恐らく黒澤監督にとっては、小学校のときの立川先生との出会い(蝦蟇の油―自伝のようなもの参照)や映画界での恩師・山本嘉次郎監督への敬愛の念などが反映されていて、監督が生きていく上で必須のテーマだったのだと思う。

この映画は、作品の世界に入り込めるかどうかで大きく評価が分かれるのではないかと思う。ストーリーを見れば、どうということもない先生と生徒の触れ合いの物語。だが、黒澤監督の情緒的・美的世界に共感できる人にはたまらない映画だと思う。

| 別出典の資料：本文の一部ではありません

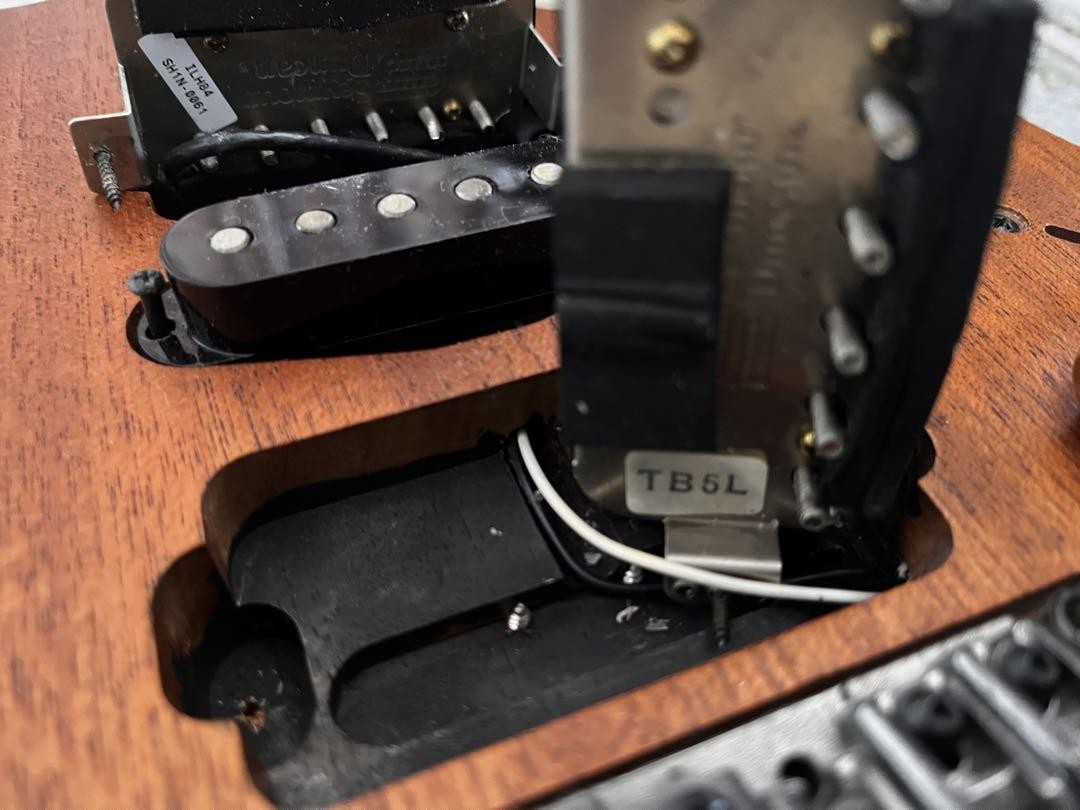 Ibanez RG580 Safe Packing!
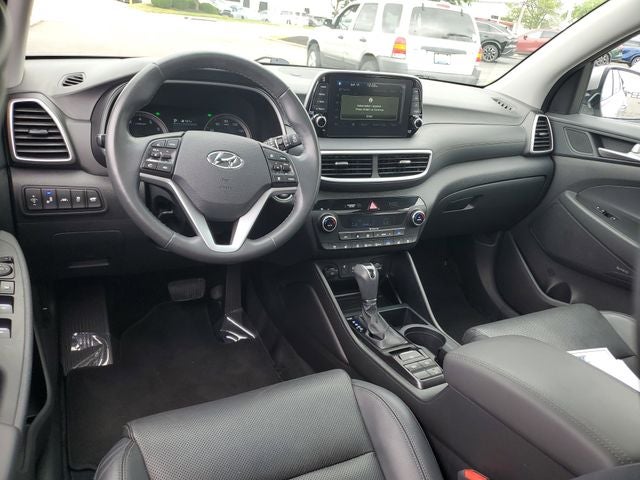 2021 Hyundai Tucson Ultimate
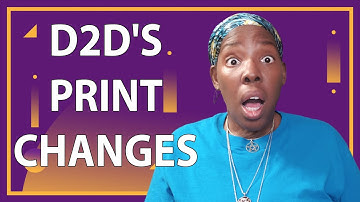 Changes to Draft2Digital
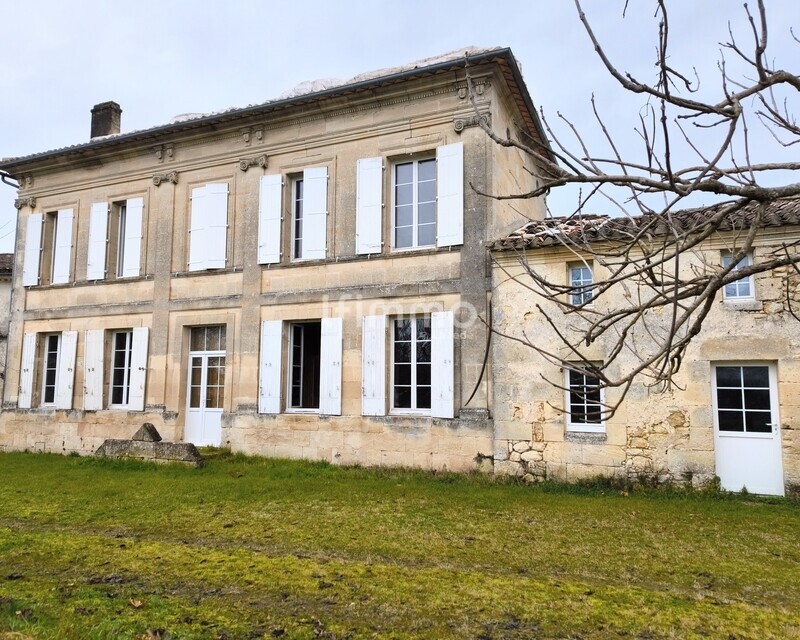 Maison en pierre de 140M2 sur une parcelle d'env. 5 500m2 - Img 20260204 102924-edit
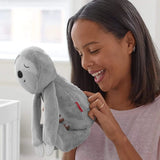 Skip Hop Cry Activated Soother Sloth - ebebek - Black Friday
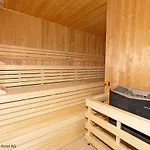 Prora - Wg 202 Mit Meerblick Und Sauna Apartmán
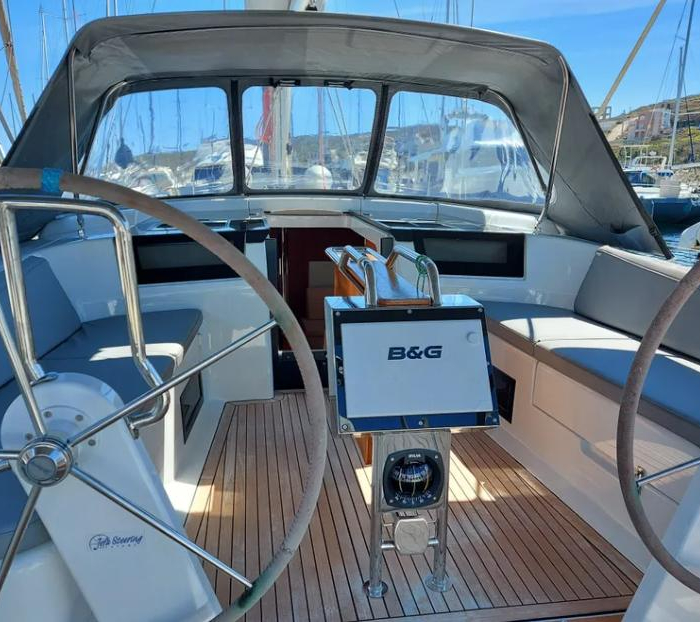 Themisto | Hanse 418 photo 1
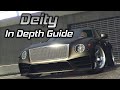 GTA Online Enus Deity In Depth Guide A Godly Sedan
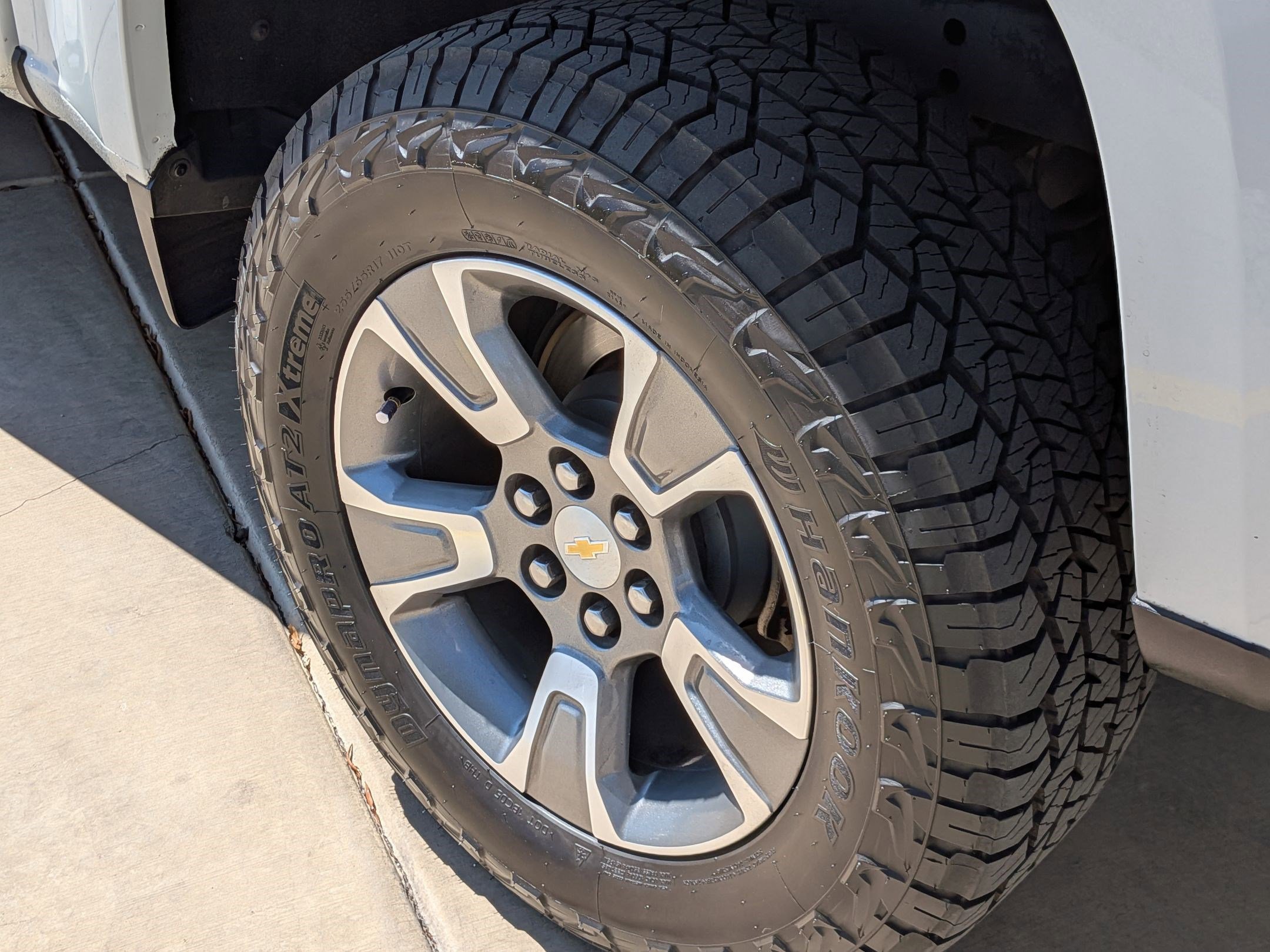 2019 Chevrolet Colorado Z71 photo 12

松村達雄は本物の内田百'閧ニはタイプが違うというが、映画は現実とはまた違う世界なのだから、それもありだと思う。香川京子の奥さんは優しさがにじみ出ていて素晴らしい。松村達雄と二人で語り合うシーンは、余計なものを取り除いた「精神の美しさ」のようなものを感じ、観ていてほのぼのしたものを感じた。

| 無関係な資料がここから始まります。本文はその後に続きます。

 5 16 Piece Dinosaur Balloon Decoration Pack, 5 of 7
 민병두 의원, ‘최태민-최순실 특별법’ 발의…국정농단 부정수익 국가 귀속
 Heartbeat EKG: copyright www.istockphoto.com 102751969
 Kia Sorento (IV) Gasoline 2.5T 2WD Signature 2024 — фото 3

日本映画の黄金時代を飾った女優の一人であり、黒澤映画にも深く関わった女優である彼女が出演していることは、物凄く重みがあると思う。

演出の凄さを感じるのは宴会のシーン。あれだけ中年の男たちが楽しげに歌い踊るシーン(?)というのはなかなかお目にかかれない。黒澤監督ならでは、と思うし、また80歳を超えてこのシーンの演出ができた、というのも凄い。

ラスト、穏やかな雰囲気で幕が閉じて、黒澤映画のファンとして、とても良かった、と思う。